Ao levantar o debate, Morenno aponta possíveis caminhos para a mudança do cenário atual. Defensor da técnica no processo de aprendizagem da escrita, diz que Passo Fundo precisa desmitificar a ideia de que o escritor é um ser iluminado que já nasce pronto. “Escrever é um processo de aprendizagem. Quanto mais exercitar, melhor será a qualidade do texto. Existem técnicas básicas para cada gênero. Um conto requer conflito e subtexto; poesia pede ritmo e metáforas. Mesmo o talento natural precisa ser trabalhado tecnicamente, assim como acontece no esporte e nas demais artes. Precisamos desenvolver estas oficinas em Passo Fundo, principalmente nas escolas” afirma.

A mudança, segundo ele, passa ainda pela existência de uma crítica séria e isenta das obras produzidas na cidade, criação de concursos literários, como forma de incentivo à produção, ciclos de estudos sobre literatura, e a oferta de bolsas para edição das obras.

‘Muitas obras se perdem por falta de técnica’

Autora de sete livros e vencedoras de diversos prêmios literários, a escritora Valesca de Assis, também é defensora da técnica na formação do escritor. Natural de Santa Cruz do Sul, mas residindo em Porto Alegre, ela ministra oficinas com ênfase no desbloqueio para escrita criativa e diz que a técnica é parte importante do estilo que o escritor vai desenvolver. “Maiakowski afirmou: só a técnica liberta o talento. Se todos os artistas dedicam-se a aprender  e a familiarizar-se com as exigências de sua arte, por que nós, os escritores seríamos diferentes?

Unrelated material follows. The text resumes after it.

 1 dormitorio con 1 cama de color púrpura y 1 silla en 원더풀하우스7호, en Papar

Ela lembra que uma obra literária vai muito além de uma boa ideia, e que muitas delas se perdem no caminho justamente pela ausência desta técnica.

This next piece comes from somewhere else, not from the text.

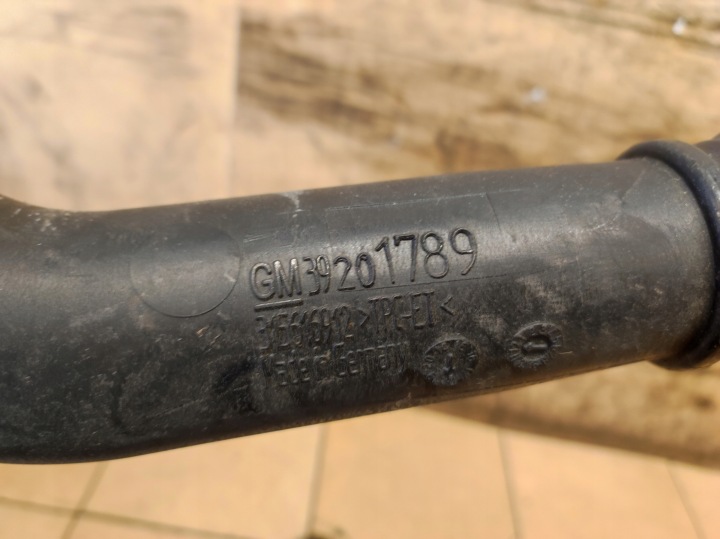 TUYAU TUYAU FIL ÉCHANGEUR D'AIR DE SURALIMENTATION ASTRA K 5 V 1.0B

Ministrando oficinas há 15 anos, Valesca trabalha o desbloqueio criativo e a busca da chamada ‘voz literária’ de cada participante. “Fazemos leituras críticas compartilhadas, vemos exemplos de boa escrita, preparamos os caminhos e, ao final, temos tido bons exemplos de Literatura” explica.

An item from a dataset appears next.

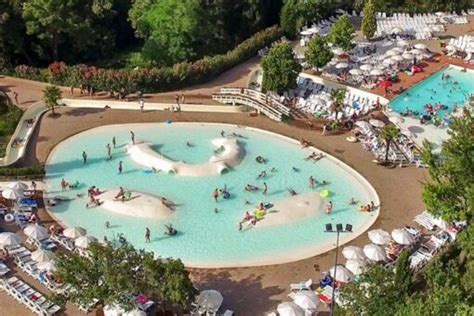 Top Campings In Toscane Met Glijbanen En Waterpark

A escritora chama a atenção para o fato de que as oficinas não são a única forma de aprender literatura, no entanto, a mais procurada por manter um trabalho conduzido, mas respeitando as diferenças individuais. “O que eu posso recomendar é que não tenham medo das boas influências, que leiam muito, e que estejam atentos à vida e ao mundo. E se, depois de uma boa oficina, o talento de escritor não se mostrar, teremos ótimos leitores críticos” justifica.

Talento e teimosia

Para Paulo Becker, professor de literatura da Universidade de Passo Fundo, poeta, crítico e roteirista do programa de TV Mundo da Leitura, a técnica não é tão determinante na formação de um escritor e afirma que as oficinas literárias são questionáveis.

“Pode sair uma produção padronizada. Cada um tem que encontrar seu caminho. Participei de oficinas de ficção e poesia e não senti muita diferença. Um escritor precisa de talento e teimosia” observa. Sem entrar no mérito da discussão sobre a qualidade da produção literária de Passo Fundo, Becker lembra que as jornadas literárias têm 32 anos e é algo que ainda está sendo plantado. “Vamos esperar para colhermos os frutos. Escritor não é produzido em série” argumenta.